My Mom hadn’t said anything up until now, but she said simply, “Why?”
Dad seemed perplexed, “Well, what’s he doing here?”
“I don’t know,” Mom said, shrugging. “Maybe his car broke down.”
“What’s he even doing driving out here, though?”
“I don’t know,” Mom said, exasperated. “He looks scared.”
Dad drove on, our old Dodge Dart putting this apparently bizarre scene in the rear view.
Given memories such as that, I don’t know how I escaped succumbing to the same world view as my elders. I attribute my present attitude in large part to my Mom who, for whatever fortunate reasons, did not adopt the racist tendencies of her family and the people around her. I also attribute my growth to public education, which for all its faults corrected a lot of the ignorance with which I was surrounded. One of the reasons I have gradually drifted from the Republican party is the hostility towards public education in the conservative movement.
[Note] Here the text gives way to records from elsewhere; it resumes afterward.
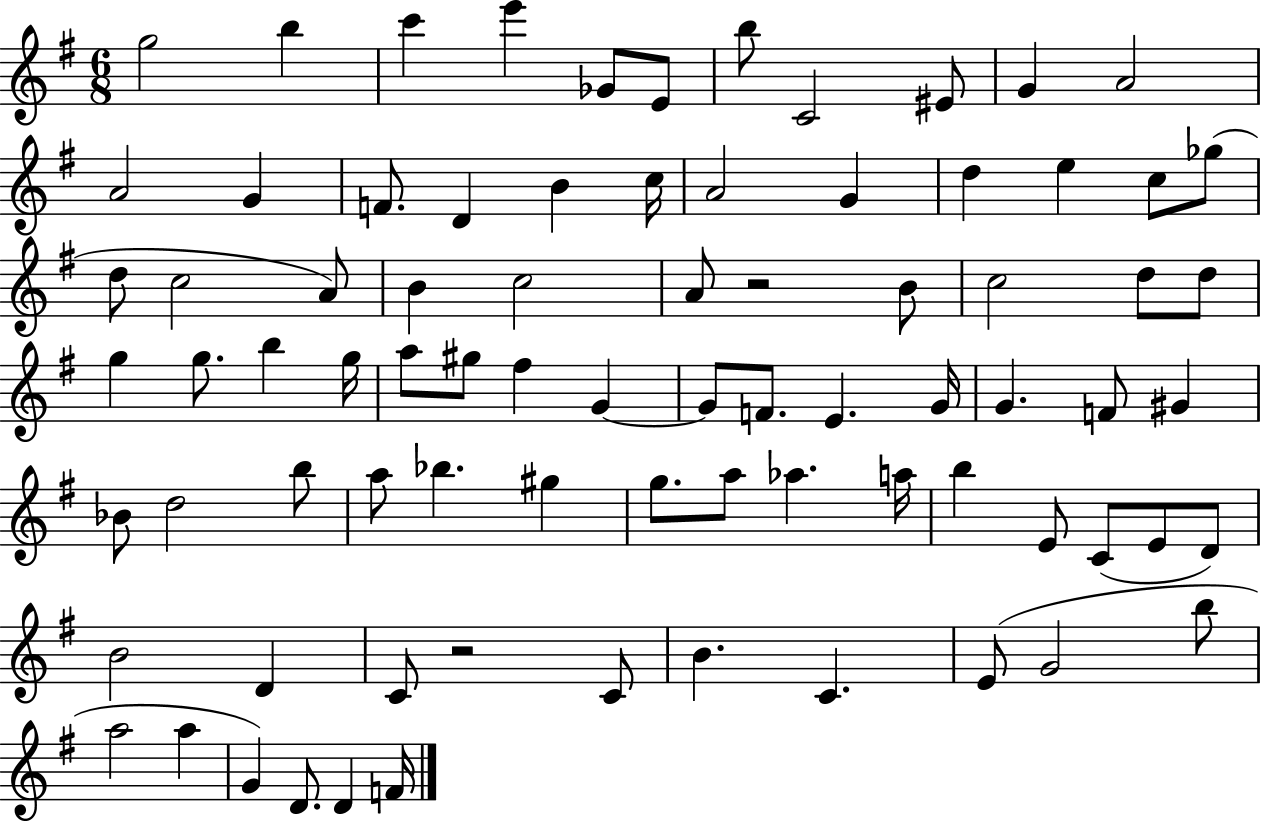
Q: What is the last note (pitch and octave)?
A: F4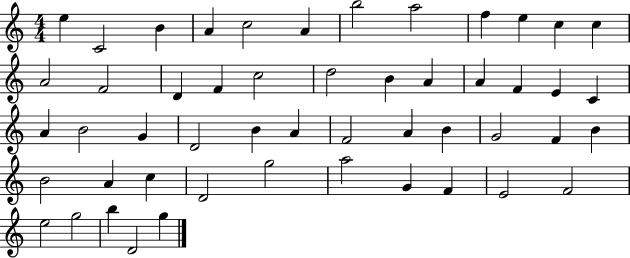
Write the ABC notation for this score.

X:1
T:Untitled
M:4/4
L:1/4
K:C
e C2 B A c2 A b2 a2 f e c c A2 F2 D F c2 d2 B A A F E C A B2 G D2 B A F2 A B G2 F B B2 A c D2 g2 a2 G F E2 F2 e2 g2 b D2 g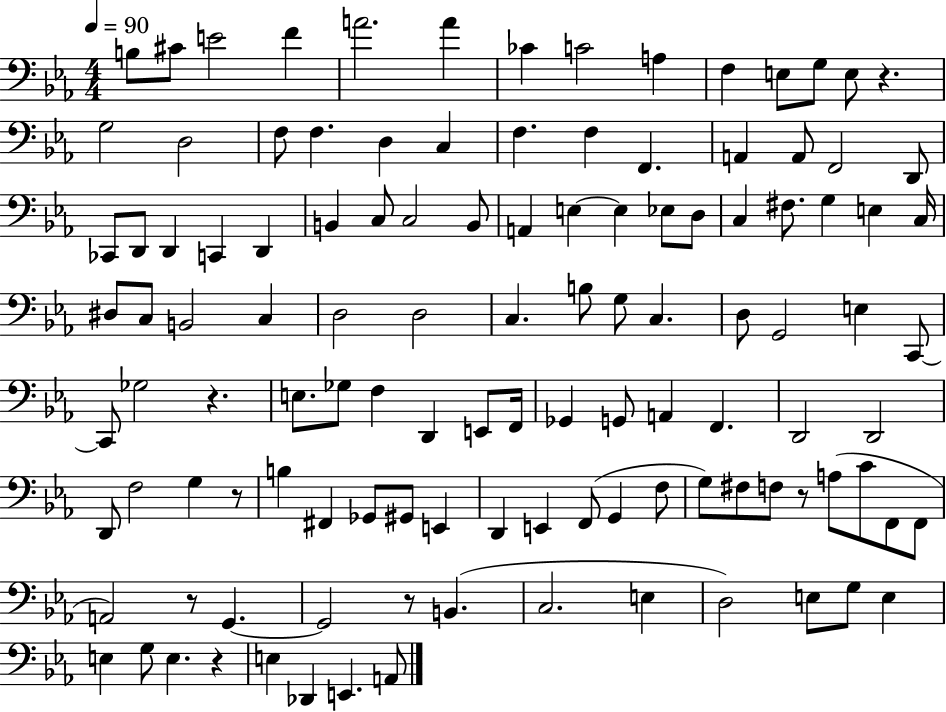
X:1
T:Untitled
M:4/4
L:1/4
K:Eb
B,/2 ^C/2 E2 F A2 A _C C2 A, F, E,/2 G,/2 E,/2 z G,2 D,2 F,/2 F, D, C, F, F, F,, A,, A,,/2 F,,2 D,,/2 _C,,/2 D,,/2 D,, C,, D,, B,, C,/2 C,2 B,,/2 A,, E, E, _E,/2 D,/2 C, ^F,/2 G, E, C,/4 ^D,/2 C,/2 B,,2 C, D,2 D,2 C, B,/2 G,/2 C, D,/2 G,,2 E, C,,/2 C,,/2 _G,2 z E,/2 _G,/2 F, D,, E,,/2 F,,/4 _G,, G,,/2 A,, F,, D,,2 D,,2 D,,/2 F,2 G, z/2 B, ^F,, _G,,/2 ^G,,/2 E,, D,, E,, F,,/2 G,, F,/2 G,/2 ^F,/2 F,/2 z/2 A,/2 C/2 F,,/2 F,,/2 A,,2 z/2 G,, G,,2 z/2 B,, C,2 E, D,2 E,/2 G,/2 E, E, G,/2 E, z E, _D,, E,, A,,/2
I know too well what public education did for me, and I won’t disrespect the teachers who helped raise me by denying them or the bureaucratic system which brought me under their tutelage.
On the other hand, some kids who were in the public education system weren’t so lucky. I remember in middle school another boy once said to me, “When I’m old enough, I’m going to join the KKK, like my Dad.” He routinely used the word “nigger” as well, and he was not the only boy in my school who used it. There were no black kids in our school, nor any black teachers or administrators, by the way.
My anecdotes could easily be dismissed as memories of a time now almost a quarter of a decade in the past. This is a different age, certainly. However, that boy who wanted to join the KKK is my age, of the generation supposedly offering Obama the core of his support. He still lives in our hometown in West Virginia, but he also dropped out of High School a few years later, so whether he votes at all is somewhat in doubt. But if he does vote in the primary today, I wonder if race will be a factor in his decision?